Each summer, piles of sand are spread across a parking lot to create a summer escape. But were it not for a beach-umbrella logo on an unassuming wooden sign, you'd nary notice the club.

The crowd at Strand Pauli, equally keen to stay under the radar, is a left-leaning, beer-drinking bunch that sinks into camouflage-print cushions atop heavy wooden and wrought-iron furniture arranged haphazardly in the sand. DJs spin laid-back lounge tunes from tiki huts, fish nets drape the fencing and vintage-style brown-and-orange-striped oversize lamps make the outdoor space seem somehow cozy. There's no water access, but port views abound.

"Strand Pauli is really local; probably 90 percent of the people hanging out here just walk over from home," said Benjamin Wadewitz, who lives a few blocks away and comes to kick back and study Spanish or grab an Alsterwasser (beer mixed with Sprite) with friends.

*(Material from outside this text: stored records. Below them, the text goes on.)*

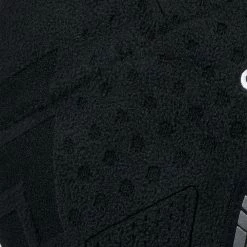 GripGrab Aviator Cap - Casquette -Vélo Soldes GripGrab Aviator Cap Mutze 5003 01 2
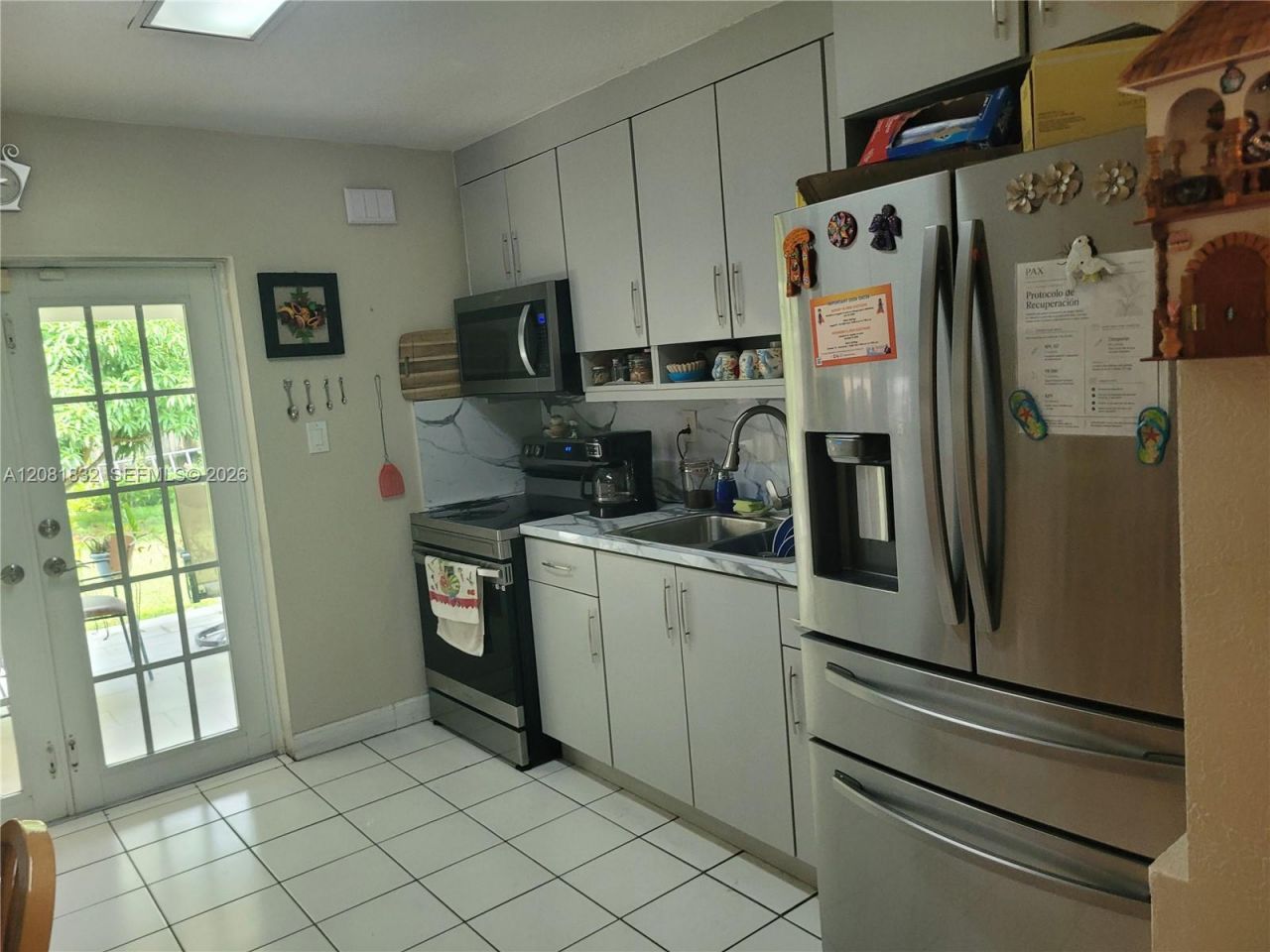 6131 Fletcher St, Hollywood, FL 33023 Photo
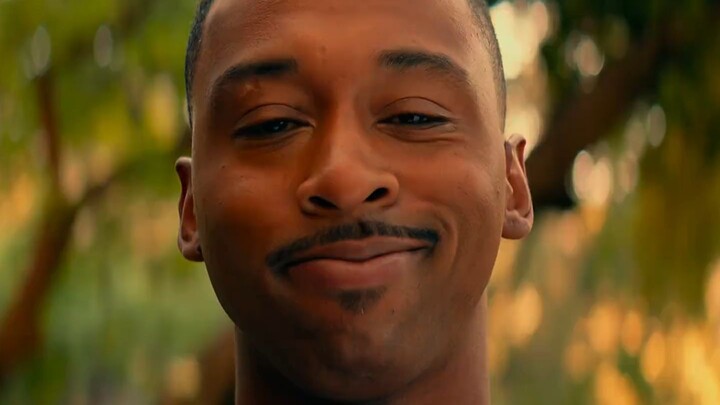 Back then, Reggie 15 looked like 30, but now Reggie 30 is fighting against 15 alone!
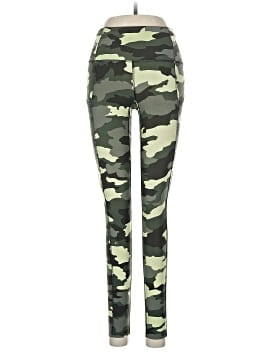 Lululemon Athletica Active Pants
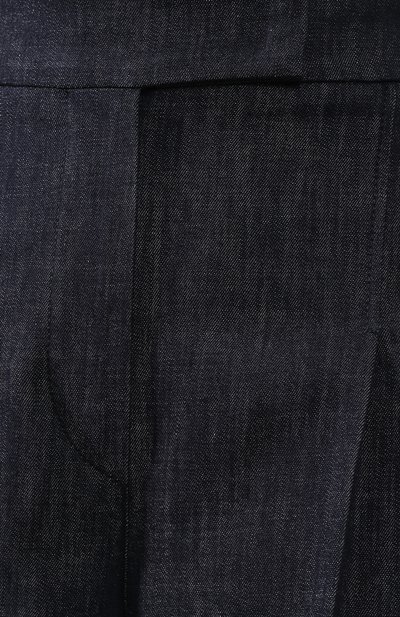 Джинсы BRUNELLO CUCINELLI, арт. M0F28P5429, фото 5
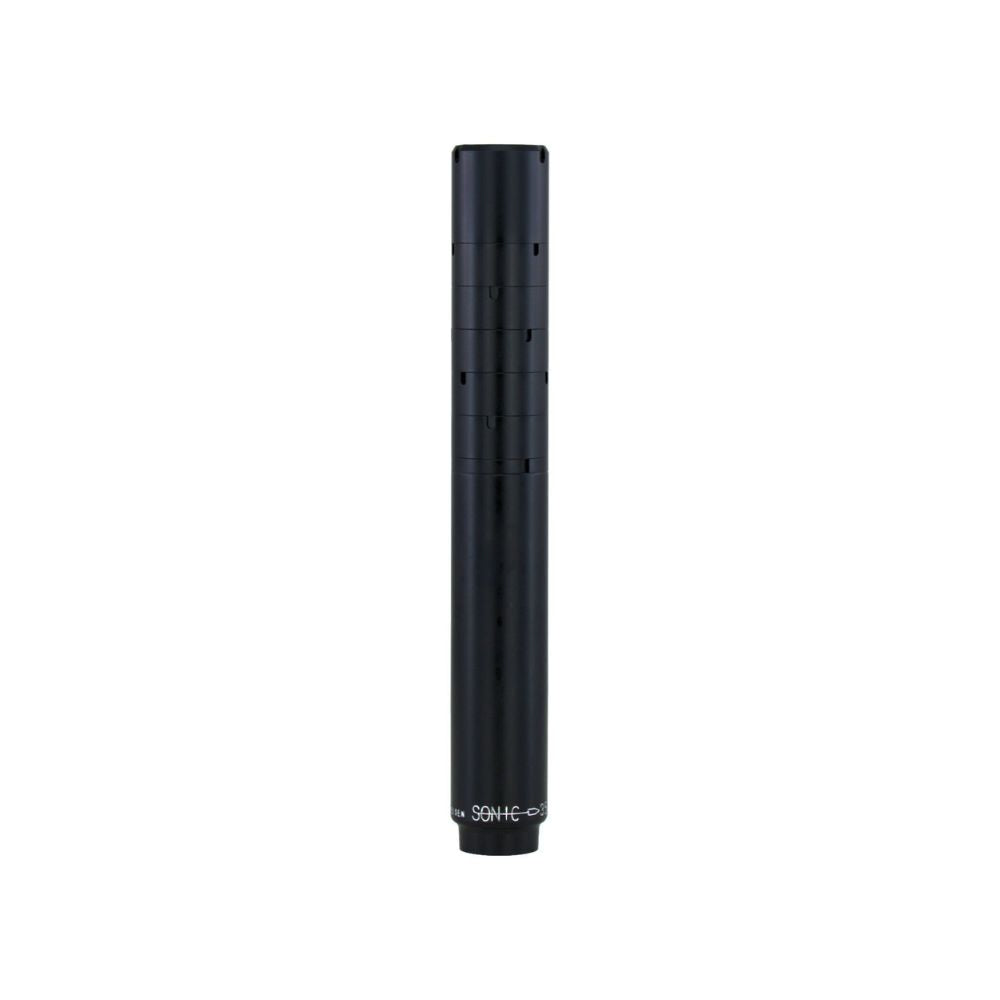 Nielsen | Sonic 35 1/2x28 UNF Moderator – Wildhuntergunroom.ie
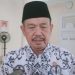 Zona Hijau dan Kuning Dibolehkan Gelar Pembelajaran Tatap Muka
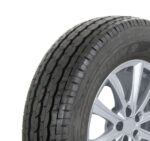 175/75R16 LDFR 101R VH#24 Opony dostawcze FIRESTONE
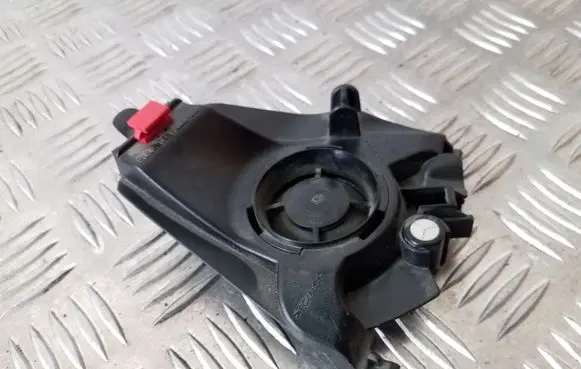 Volvo XC70 Front door high frequency speaker 8633992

Packed on sunny days, Strand Pauli is also a top summertime spot for an evening opener. Bonus: The neighborhood sits on a higher elevation than any other spot in the city. Thanks to the beach's orientation, the sun sets slightly later at Strand Pauli than at other beach clubs, with daylight lingering till 10:30 in the peak summer months. That makes it a perfect place to kick off the evening before stumbling over to the Reeperbahn's late-night bar and club scene.